[Collection entries]
· · · · ·

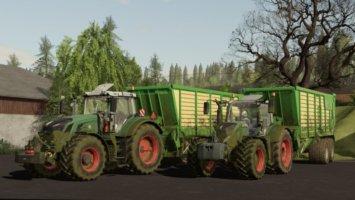 Fendt 900 Vario S4 v1.0.0.2 FS19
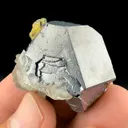 Calcite from Nikolaevskiy Mine, Dalnegorsk, Dalnegorsk Urban District, Primorsky Krai, Russia - image 1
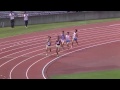 国公立戦2015　男子対校800m決勝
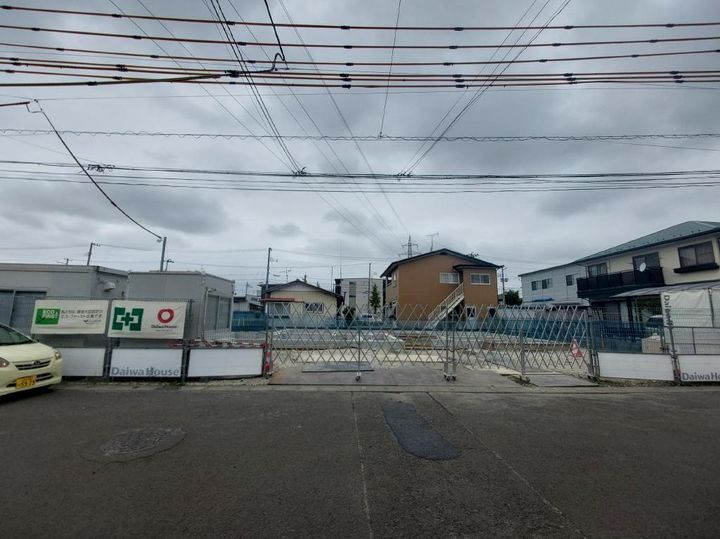 トータスの外観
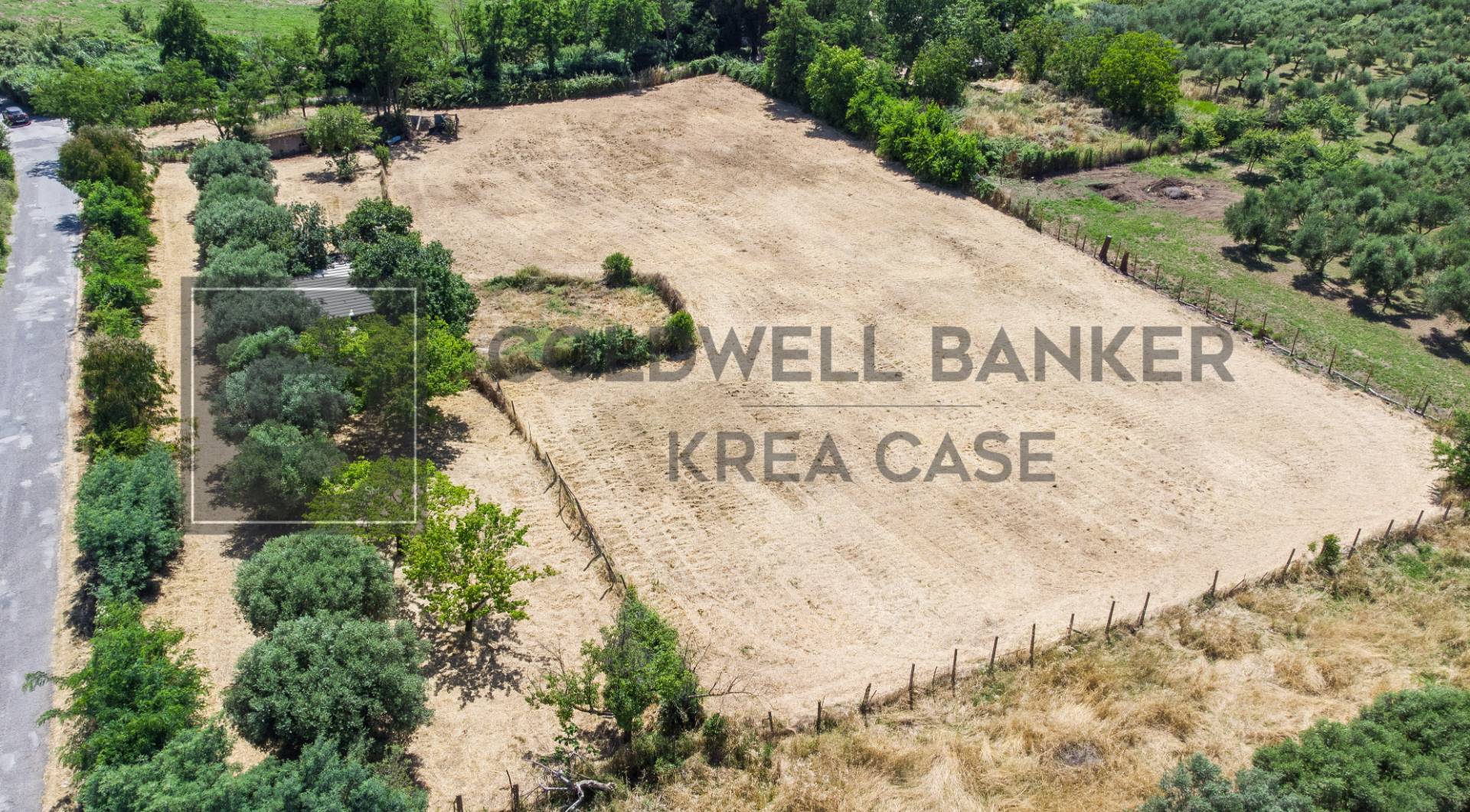 Terreno agricolo in vendita a Roma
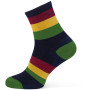 Calcetines Warg Happy Merino M Stripes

· · · · ·

Exercise description:
All lines from the one containing "Calcite from Nikolaevskiy" through the final line of the entries above are to be copied exactly; the pictures are not.

Task result:
 Calcite from Nikolaevskiy Mine, Dalnegorsk, Dalnegorsk Urban District, Primorsky Krai, Russia - image 1
 国公立戦2015　男子対校800m決勝
 トータスの外観
 Terreno agricolo in vendita a Roma
 Calcetines Warg Happy Merino M Stripes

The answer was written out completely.